Disabled people remain one of the most under-represented groups on TV and film. Despite making up 17% of the working-age population in the UK, disabled people only have 5.2% of off-screen roles and 7.8% on screen. On a simple numbers level, disabled people are just not seeing themselves enough on TV.

Seeing people similar to yourself is so important, and this is no different for disabled people. UOB student Matthew Logue, who has cerebral palsy, explains that ‘one of the reasons people engage with fiction is to find characters that they identify with, and having a disability can have a large effect on someone’s life – so a character who also has a disability may have similar experiences.’

Seeing people similar to yourself on TV is so important, and this is no different for disabled people

Disabled representation would also greatly help to break stereotypes and ignorance that many able-bodied people could harbour unknowingly. A lot of the time, people simply do not understand the nature of different disabilities. Misunderstanding is so common around this issue that 2/3 of people would feel uncomfortable talking to a disabled person, according to a 2014 study.

This leads too many people to a life of being ignored. Many visibly disabled people have to get used to being constantly talked about in the third person in public places or situations like being served in a café. They always have to be the one to approach others in social settings. Often, well-meaning people simply do not know how to react to a person in a wheelchair.

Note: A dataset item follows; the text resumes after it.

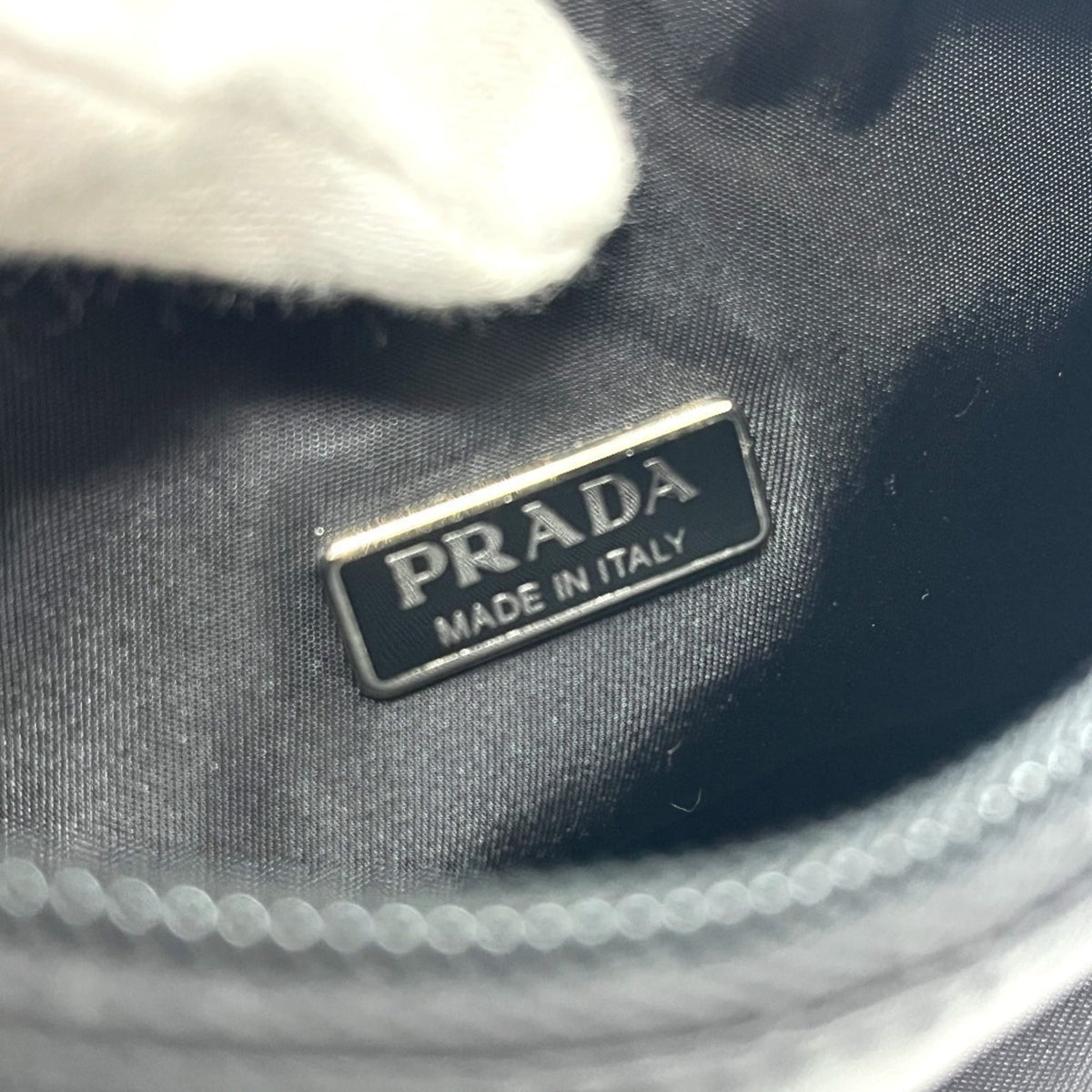 Prada Black Nylon Handbag Shoulder Bag (Pre-Owned)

This is where representation can help. Matthew thinks that ‘representation also helps raise awareness of what it’s like to live with a disability for people who don’t know what it’s like.’ Therefore, even just having more able-bodied people exposed to disabled people on screen, could help transfer a level of understanding and comfort with disability that would make a huge impact on how disabled people are treated in everyday situations.

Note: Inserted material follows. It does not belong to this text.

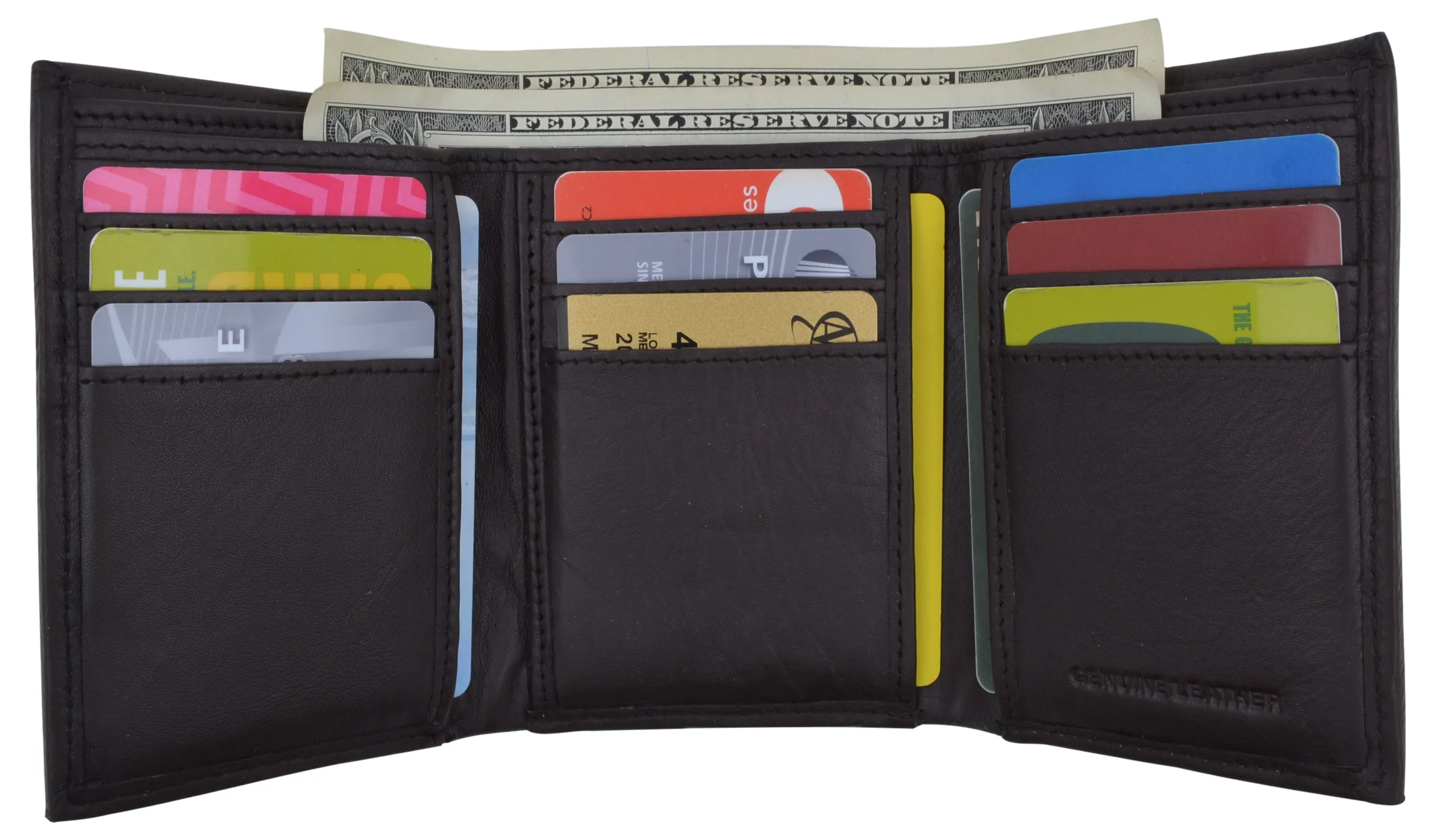 Trifold Men's RFID Blocking Premium Leather Classic Credit Card Holder Wallet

However, it is not necessarily just a matter of numbers. The narratives told around characters with disabilities are important to consider. Rare instances where disabled characters do get prominent roles include films like rom-com Me Before You about a man who becomes paralysed after an accident, and biopic The Theory of Everything about Stephen Hawking. However, both of these films show stories that are about disability, and Me Before You ends with a man choosing to commit suicide rather than live with his disability.

These are both stories worth telling, and many viewers (myself included) thought these films did a great job. But they are not the only stories that it is possible to tell about disabled people. The disability is obviously a big part of their lives, just as many peoples’ sexuality, gender, or ethnicity are important to their identities. But people are not defined solely by their disability, and neither should the characters on screen be.

People are not defined solely by their disability, and neither should the characters on screen be

Actor George Robinson, who played wheelchair-user Isaac in Netflix show Sex Education, agrees that narratives around disabled characters should not always focus on their disabilities. He explains that he was inspired by Liz Carr in Silent Witness, because her wheelchair is ‘not a defining characteristic of her part. That’s real, that’s what people are. People aren’t defined by if they can walk or not.’

Robinson believes that ‘the best way we’re going to get authentic stories that don’t come across as ingenuine is by having people with the right experiences playing the right roles.’ Despite the success of films like The Theory of Everything, some think that the fact the lead actor was actually able-bodied could be problematic. In fact, more than 95% of disabled characters on TV are played by able-bodied actors.

One way to help this would be for casting directors to become less narrow-minded in their thinking about exactly what kind of actors they need for each role. For example, Isaac in Sex Education was originally written to be an amputee, but when Robinson auditioned his talent was recognised and the script was rewritten to allow for his spinal cord injury instead. This kind of flexibility is necessary in all casting decisions if disabled people are ever allowed to get a foot in the doorway in the same way that able-bodied people can do without even thinking about it.

The last few years have been amazing for awareness around the importance of representation on TV and film, from campaigns for racial diversity, gender equality, LGBT+ representation to combatting ageism. But the need for disabled representation is too often missing from the conversation, and far too many people are shut out by this.